In this demo we provide two example Jupyter Notebooks with code and instructions under examples/tutorial/cloverleaf_demos/jupyter_extract/notebooks
and demonstrate how to connect them with Ascent.
First you will need to install the ascent_jupyter_bridge
python module located in your source directory under src/libs/ascent/python/ascent_jupyter_bridge
. Navigate to that directory and make sure you have pip
installed then run the following commands:
python3 -m pip install -r requirements.txt
python3 -m ipykernel install
If you are at a site that does SSL interception and can not configure your SSL certificates to avoid pip SSL errors, you can use the following:
python3 -m pip install --trusted-host pypi.org --trusted-host files.pythonhosted.org -r requirements.txt
python3 -m ipykernel install
We will once again use the Cloverleaf3D Ascent integration, so make sure you are in the examples/ascent/proxies/cloverleaf3d
directory of your Ascent install.
Then edit the ascent_actions.yaml
file to request that Ascent run the Jupyter extract:
-
action: "add_extracts"
extracts:
e1:
type: "jupyter"
(Also available in install directory: examples/tutorial/cloverleaf_demos/jupyter_extract/ascent_actions.yaml)
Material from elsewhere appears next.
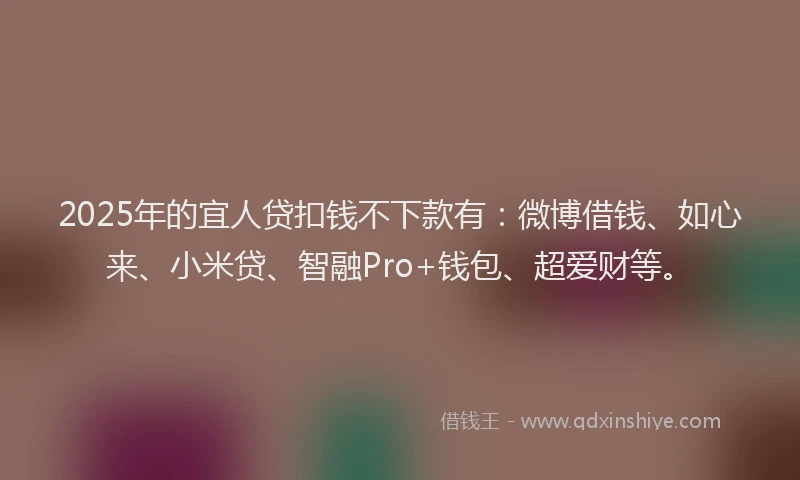 2025年的宜人贷扣钱不下款有：微博借钱、如心来、小米贷、智融Pro+钱包、超爱财等。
Finally, run Cloverleaf3D:
mpiexec -n 2 ./cloverleaf3d_par
After the simulation has progressed a number of timesteps it will wait for a connection from Jupyter Notebook. To connect to a demo notebook make sure you are in examples/tutorial/jupyter_extract/notebooks
and run:
jupyter notebook
This will start Jupyter Notebook in your browser where you will see our demo notebooks. Click on a notebook and make sure you see “Ascent Bridge” in the top right corner of the notebook, if you don’t then try selecting it from the “Kernel” menu. Follow the instructions inside the notebook to connect and learn more about how to use the notebook.